December 20, 2010: Many UPS Teamsters are fed up with a grievance procedure that is stacked in favor of management.
UPS Teamsters in Kansas City are not just grumbling–they’re doing something about it.
Kansas City Teamsters in the Missouri Kansas Nebraska Conference are fed up with a grievance procedure that is stacked in favor of management. And they’re not taking it lying down.
Members have formed the MOKAN Watch, a group of Teamsters dedicated to shining a spotlight on problems in the Missouri-Kansas UPS grievance panel and improving panel decisions.
UPSers are routinely fired for petty, retaliatory, or bogus charges. With an imminent threat of going before a state grievance panel that is upholding terminations at an alarming rate for first time offenders, Teamsters are often forced to accept outrageous deals or compromises.
MOKAN Watch kicked off with a meeting in the union hall parking lot before the Oct. 9 Local 41 general meeting.

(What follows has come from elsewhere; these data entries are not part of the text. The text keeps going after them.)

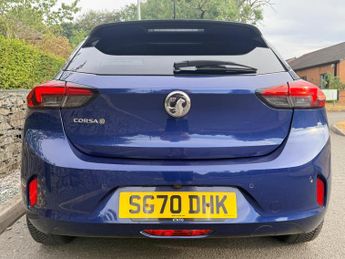 Vauxhall Corsa Electric 50kWh Elite Nav Auto 5dr (7.4Kw Charger)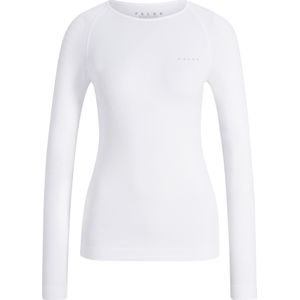 FALKE dames lange mouw shirt Warm, thermoshirt, wit (white) -  Maat: L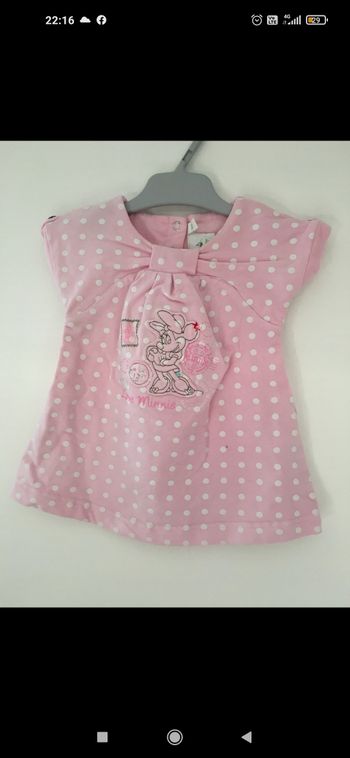 Robe Minnie Disney en 6 mois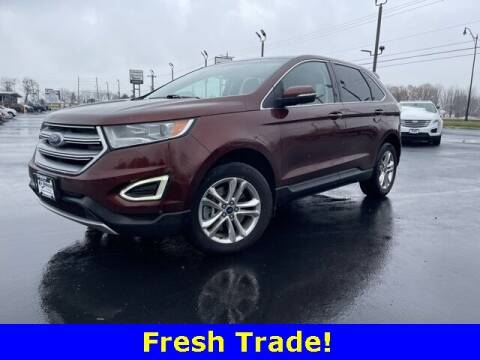 2015 Ford Edge for sale at Piehl Motors - PIEHL Chevrolet Buick Cadillac in Princeton IL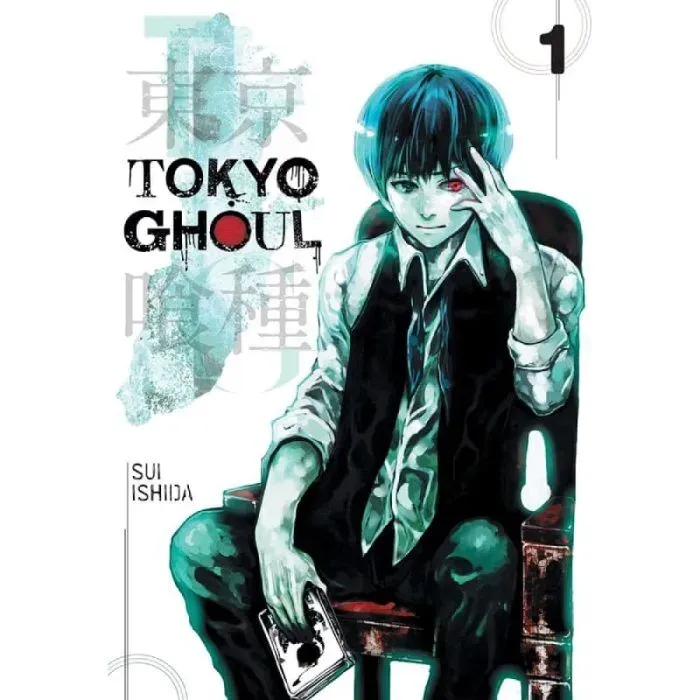 Tokyo Ghoul vol. 1 - cover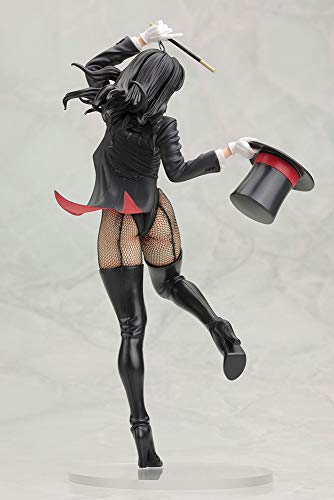 Zatanna (versión de segunda edición) - 1/7 escala - Liga de justicia de la estatua de Bilojo - Kotobukiya
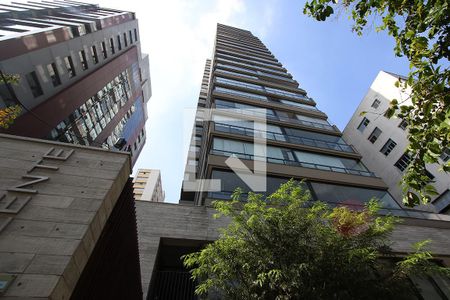 Studio à venda com 32m², 1 quarto e 1 vagaFachada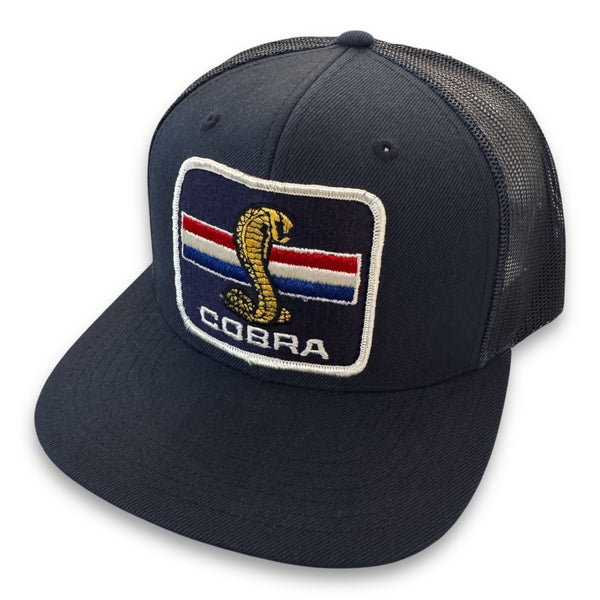 COBRA Vintage Patch + Richardson 511 Snapback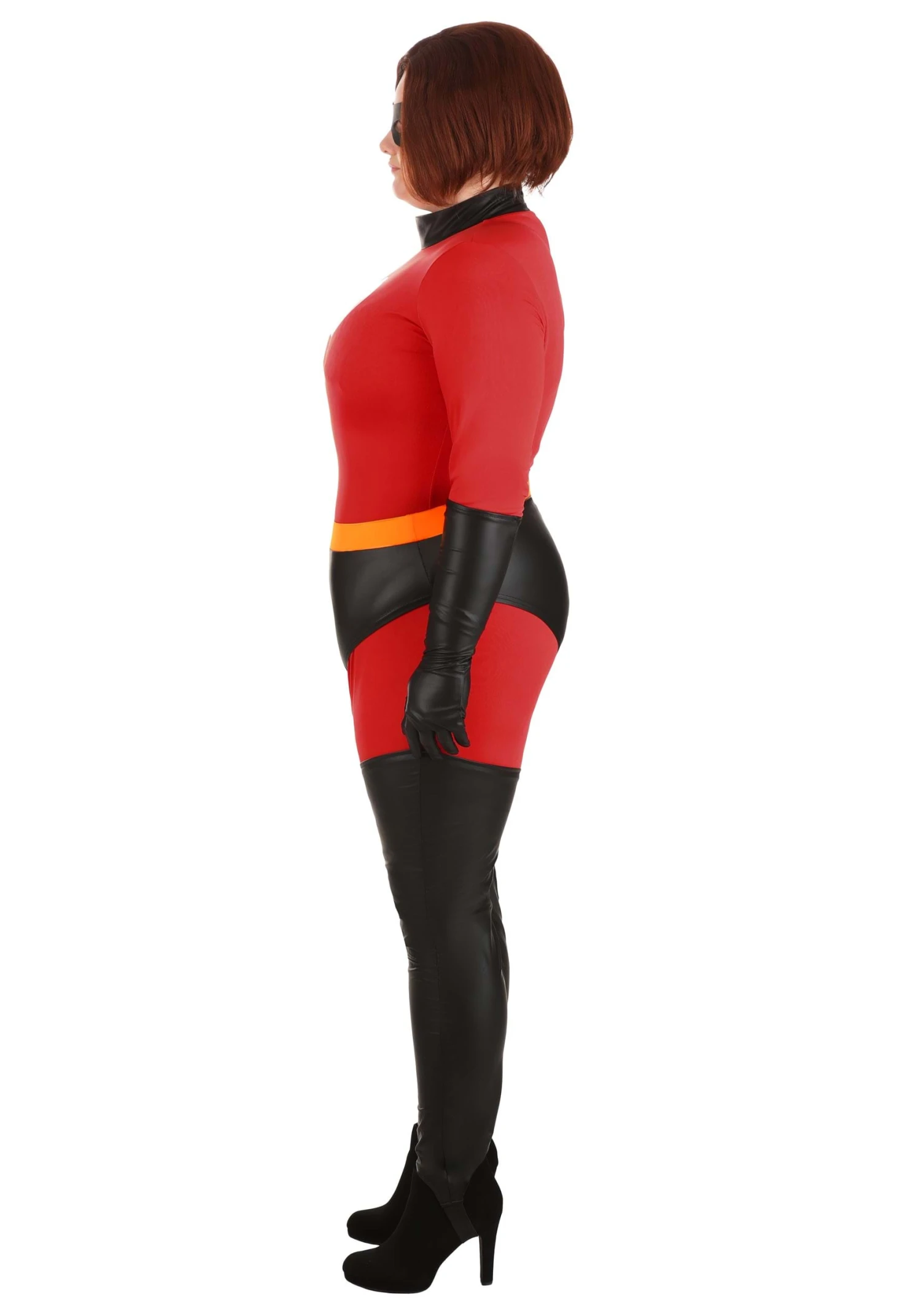 The Incredibles Deluxe Plus Size Mrs. Incredible Costume For Women 5 The Incredibles Deluxe Plus Size Mrs. Incredible Costume For Women - Image 3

At that meeting, they made a motion to invite Jim Kabell, the president of the Missouri-Kansas-Nebraska conference of Teamsters, to the November meeting.

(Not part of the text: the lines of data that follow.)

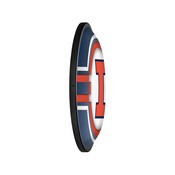 Illinois Fighting Illini: Oval Slimline Lighted Wall Sign, FNB-NCILLI-140-01A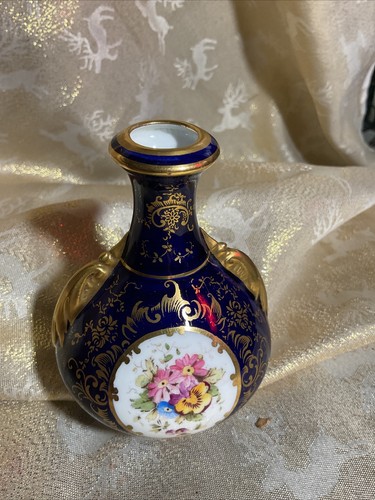Elegant coalport small vase - elegant,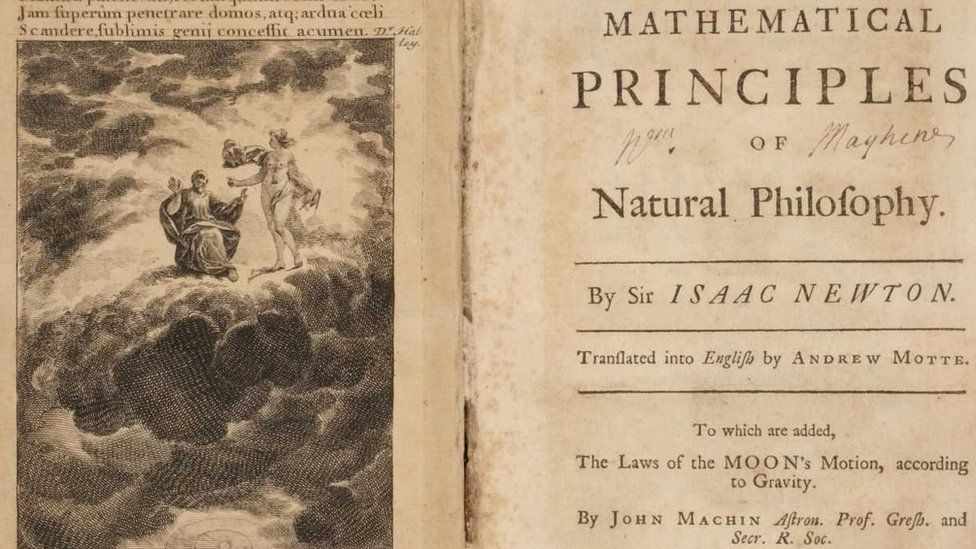 Isaac Newton's Mathematical Principles of Natural Philosophy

Kabell graciously attended, and he got an earful from the 60 to 70 UPSers in attendance, many of them victims of the “Mo-Kan Railroad” as this grievance panel has come to be called.
The Mo-Kan Watch continues to meet, organize, monitor, and expose any and all unjust panel decisions. “The demands of the MOKAN WATCH are simple,” said Wes Epperson, KC feeder driver, “We want accountability and transparency from the members of our Mo-Kan panel”.